Nancy H. brings us news of amazing birds from Mexico and points south. She also manages the Zen Weeding project at Samuel P. Taylor State Park. She has been devotedly pulling invasive non-native weeds at the park for the last ten years—with help from partners like Marin CNPS, One Tam and SPAWN plus the support of many volunteers. The now day-lighted native plant communities are beginning to thrive again!
I met some of the other Home Ground volunteers while teaching various subjects. Suzi was in one of my classes and asked about my website. When I told her we didn’t have one, she created one for us! She has a fabulous collection of manzanitas in her Pt. Reyes habitat garden and now designs gardens for others. Treva and Gulten also attended classes I taught, and wanted to get more involved. Treva is a master at delicately disentangling the root systems of seedlings, baking Southern desserts and training BIG dogs. Gulten is now a homesteader with her own little farm in Sonoma. She brings us fresh eggs from her much-loved flock of chickens. She is our “Turkish Delight,” a wonderfully kind and generous person who is also a super healthy cook.
We are an amazingly productive group and we have a great time working, talking and laughing together.
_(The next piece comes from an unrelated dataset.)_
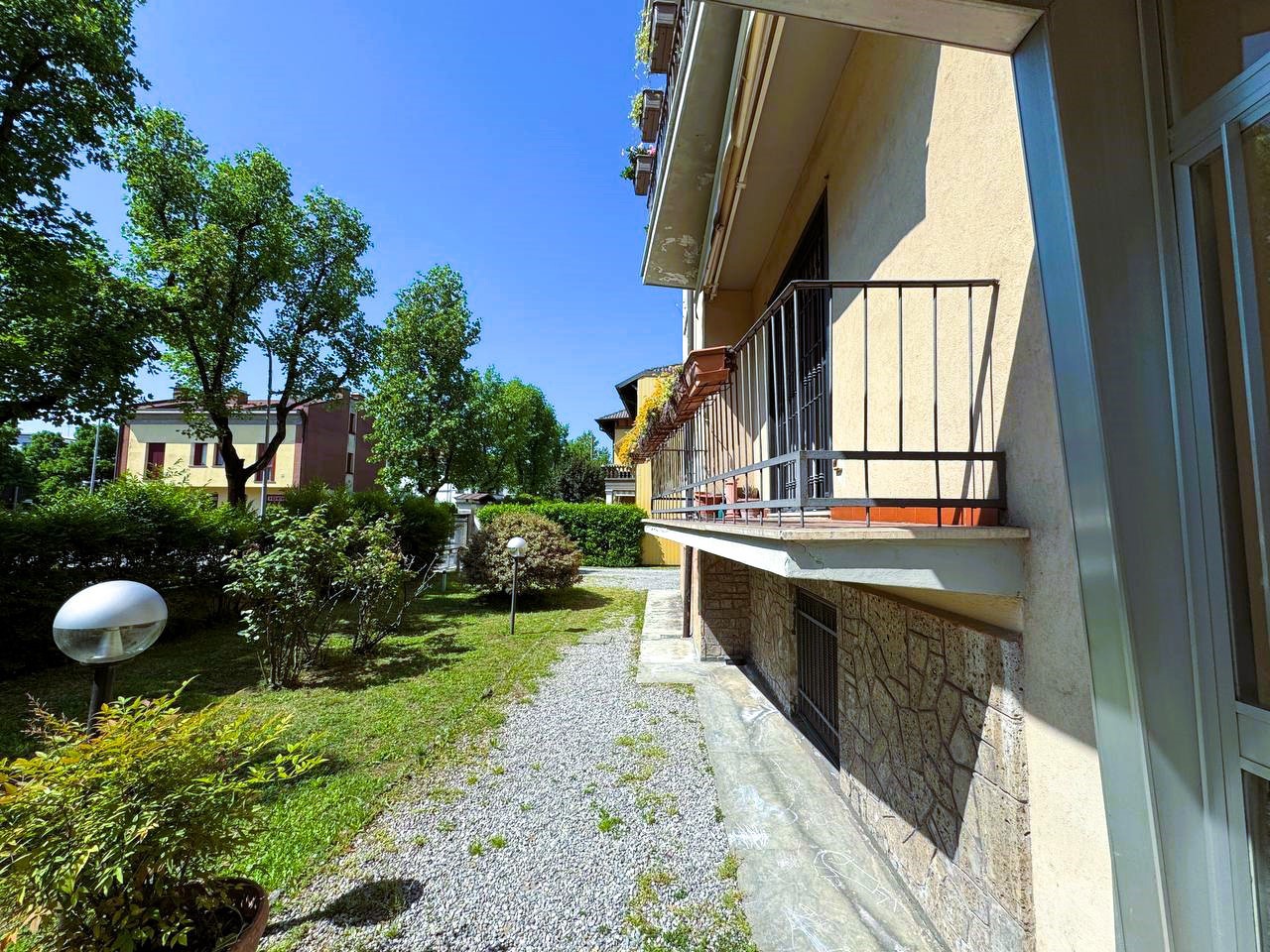 Giardino condominiale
But I think it’s also our tradition of tea and pot-luck treats after each propagation session that keeps the group together after all these years.
It is our intention to invite many more people to join our group once we are all set up at our new Home Ground! We’ll be increasing the propagation sessions and will have gardens to tend. We’ll be offering training sessions for all new volunteers, and plenty of rewards!